The outlet is not a direct mouthpiece of the Chinese Communist Party but is aligned with its views.
Only a dwindling number of small countries have formal diplomatic relations with Taiwan since the U.S. chose in 1979 to recognize only the government in Beijing – one of a series of conditions China insisted upon before entering the global economy and one that it now considers non-negotiable.
Local analysts consider the KMT move to be impractical and unrealistic, or even “insane,” and all but torpedo any place for the traditionalist party in future negotiations with Beijing – a punitive measure for which Hu advocated in his column. It also exceeds any proposal put forth so far by the pro-independence Democratic Progressive Party, led by Taiwanese President Tsai In-Wen.

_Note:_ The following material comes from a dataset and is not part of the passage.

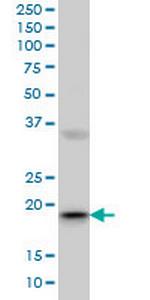 RBBP9 Monoclonal Antibody (2A11)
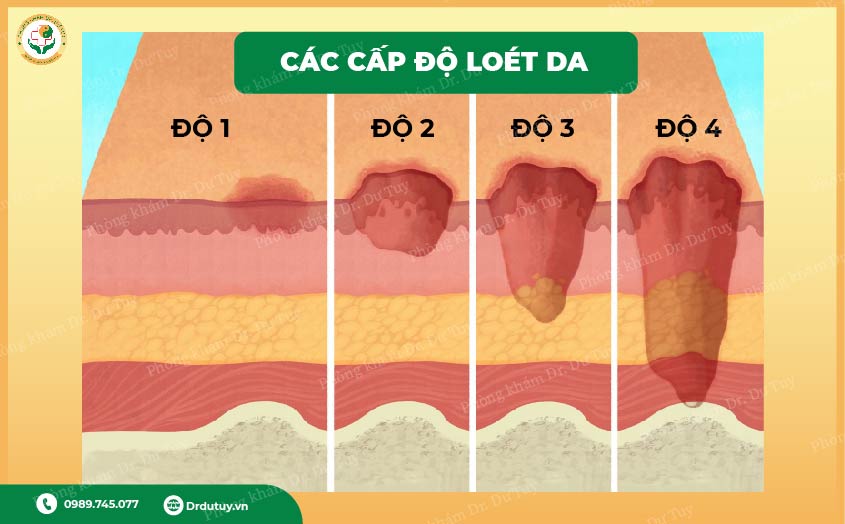 các cấp độ loét da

However, the Trump administration’s focus on blaming China for the region’s woes and the global spread of the coronavirus has opened up previously unthinkable possibilities for cooperation between Washington and Taipei.
The idea Pompeo may have visited Taiwan occupied a central focus of a series of press briefings leading up to his trip to Japan earlier this week. There he also met with delegates from India and Australia, the other members of the increasingly consequential regional partnership known as the “Quad,” which the White House reportedly seeks to turn into an Asian version of NATO. The chief diplomat and leading China hawk within the Trump administration was also scheduled to visit South Korea and Mongolia.
And Taiwan has served as an increasingly significant element of the U.S. strategy for the region amid new consideration for providing it with military support. Officials at the Pentagon have reportedly begun calling it, “Fortress Taiwan.”
In advance of his trip, Pompeo referenced U.S. concerns about Beijing’s expansionism in the region of the Taiwan Straits, the contentious waterway that separates Taiwan from the mainland.
Other leading State Department officials say the U.S. has no intention of provoking China militarily over Taiwan.
The administration’s primary interest is “ensuring and insisting that the issues with the mainland and with Taiwan are resolved peacefully and through dialogue,” Assistant Secretary of State David Stilwell told reporters last week. “And that’s what you’ve seen the administration steps are reinforcing that, that commitment made by both sides.”